### ACTIVITY
Drop the pictures, then extract the listing word for word.

───── STORED DATA ─────

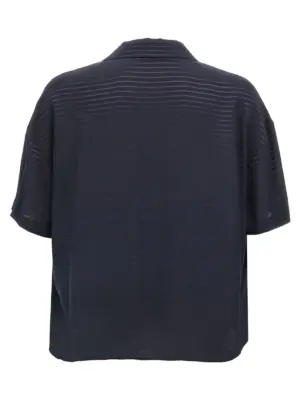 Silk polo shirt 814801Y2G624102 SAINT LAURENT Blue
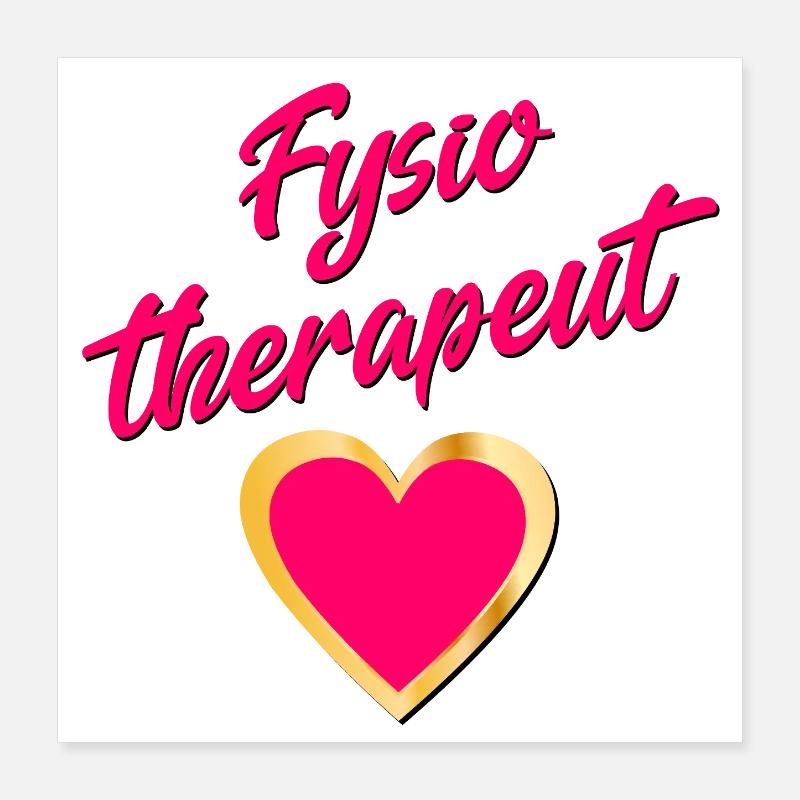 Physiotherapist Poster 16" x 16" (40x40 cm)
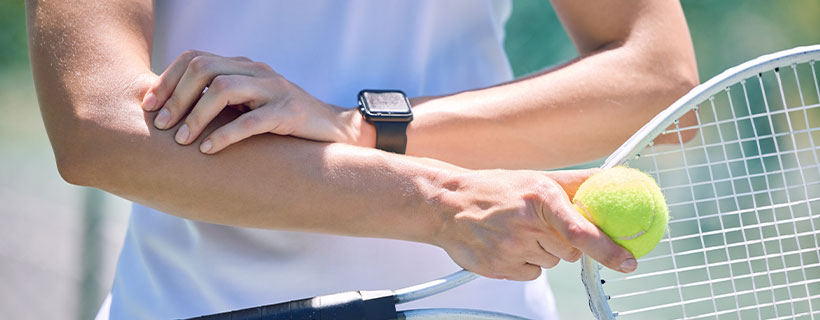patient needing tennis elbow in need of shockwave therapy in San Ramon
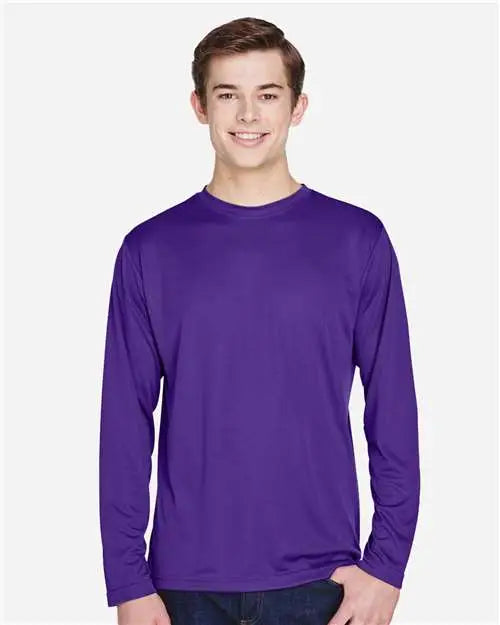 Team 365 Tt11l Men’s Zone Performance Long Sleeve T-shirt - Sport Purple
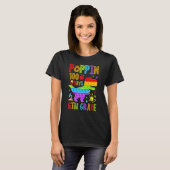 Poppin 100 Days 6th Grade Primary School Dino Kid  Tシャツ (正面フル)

─────

### RESULT BELOW
 Silk polo shirt 814801Y2G624102 SAINT LAURENT Blue
 Physiotherapist Poster 16" x 16" (40x40 cm)
patient needing tennis elbow in need of shockwave therapy in San Ramon
 Team 365 Tt11l Men’s Zone Performance Long Sleeve T-shirt - Sport Purple
 Poppin 100 Days 6th Grade Primary School Dino Kid  Tシャツ (正面フル)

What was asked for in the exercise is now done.